Nature will bear the closest inspection. She
Invites us to lay our eyes level with her
Smallest leaf, and take an insect view of its


The raspberries
in my driveway
have always
been here
(for the whole eleven years
I have owned
but have not owned
this house),
I have never
tasted them

Always on a plane.
Always in the arms
of man, not God,
always too busy,
too fretful,
too worried
to see
that all along
are red, red raspberries
for me to taste.

Shiny and red,
without hairs—
unlike the berries
from the market.
Little jewels—
I share them
with the birds!

On one perches
a tiny green insect.
I blow her off.
She flies!
I burst the raspberry
upon my tongue.

In my solitude
I commune
with raspberries,
with grasses,
with the world.

The world was always
there before,
but where
was I?

Ah raspberry—
if you are so beautiful
upon my ready tongue,
what wonders
lie in store
for me!

“Raspberries in my Driveway” by Erica Jong from Becoming Light. © Harper Perennial, 1991.

“Sometimes she seemed like a woman without skin… (Jong)

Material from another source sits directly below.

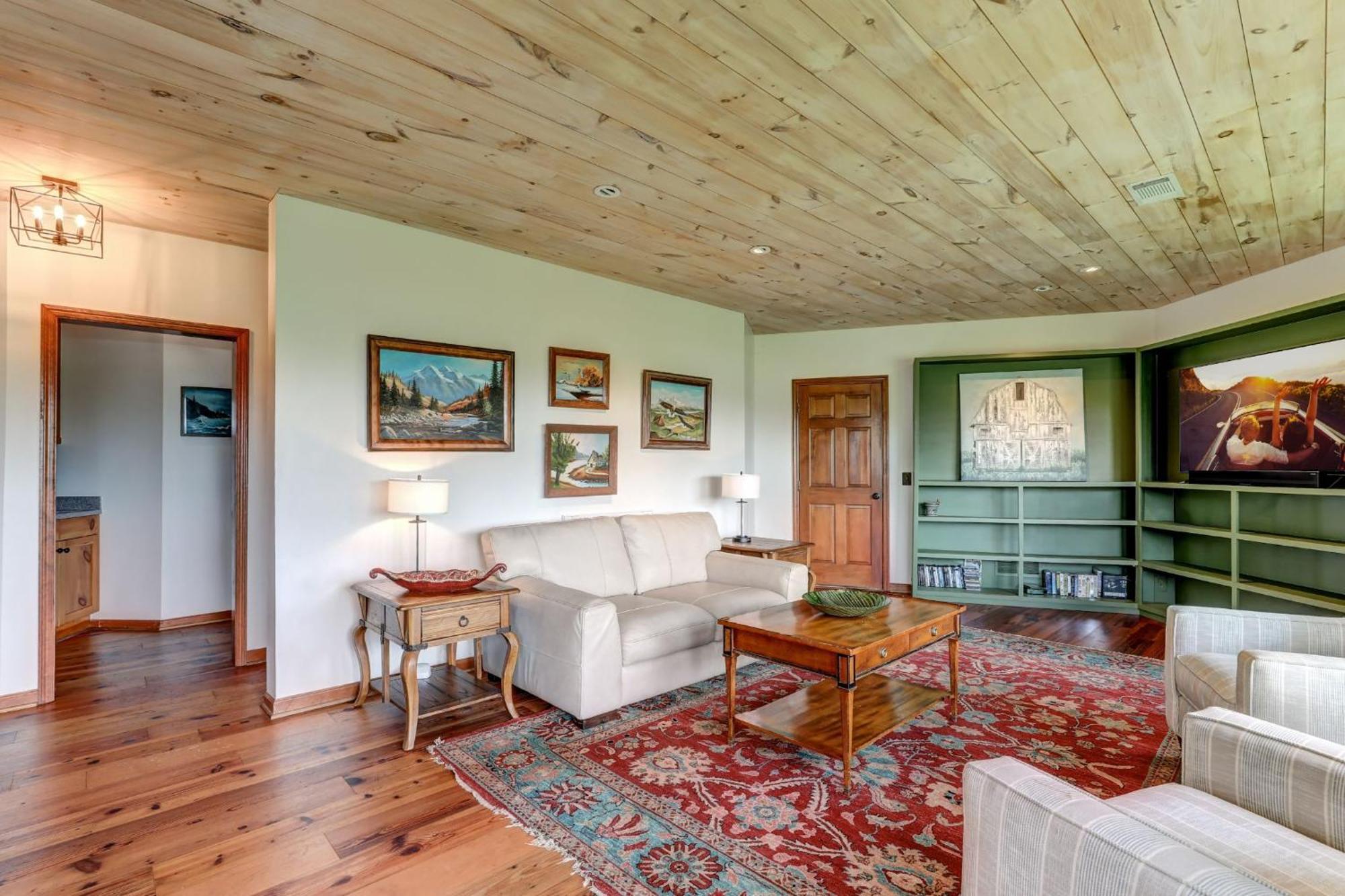 Falken Haus - Relax In Seclusion With Panoramic Lake Views Jasper Exterior photo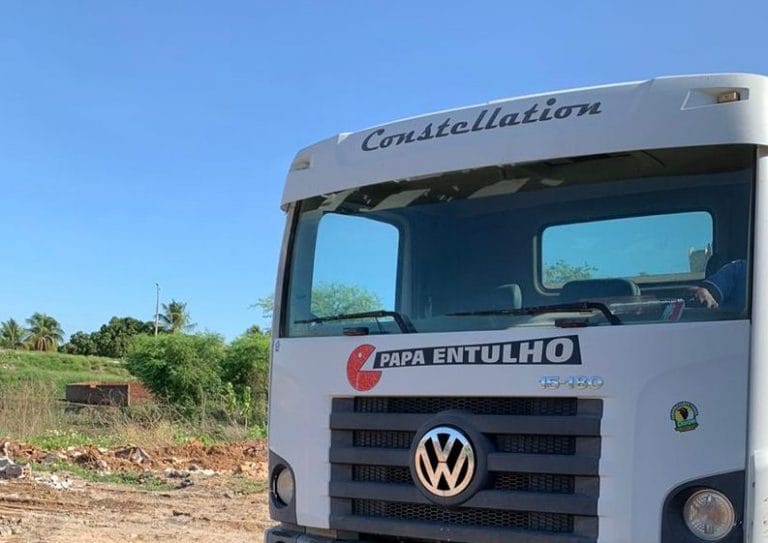Vice-prefeito de Guanambi flagra empresa descartando entulho em lagoa do bairro Ipiranga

“Sometimes she seemed like a woman without skin. She felt everything so intensely, had so little capacity to filter out pain that everyday events often seemed unbearable to her. Paradoxically it is also that skinlessness which makes a poet. One must have the gift of language, of course, but even a great gift is useless without the other curse: the eyes that see so sharply they often want to close. Her eyes were astoundingly blue and astoundingly sharp. Nothing escaped her. She saw everything, and since most of what there is to see in the world is painful, she often lived in pain. . . . Words spared her for a while. With the process of writing the poem, there is a kind of connection which sustains one. Then the poem is done and one is alone again. Other people may enjoy the poem later, but the poet can hardly relate to it. The poet is happy only while writing the poem.”

– Erica Jong, Remembering Anne SextonAnne Sexton (November 9, 1928 – October 4, 1974).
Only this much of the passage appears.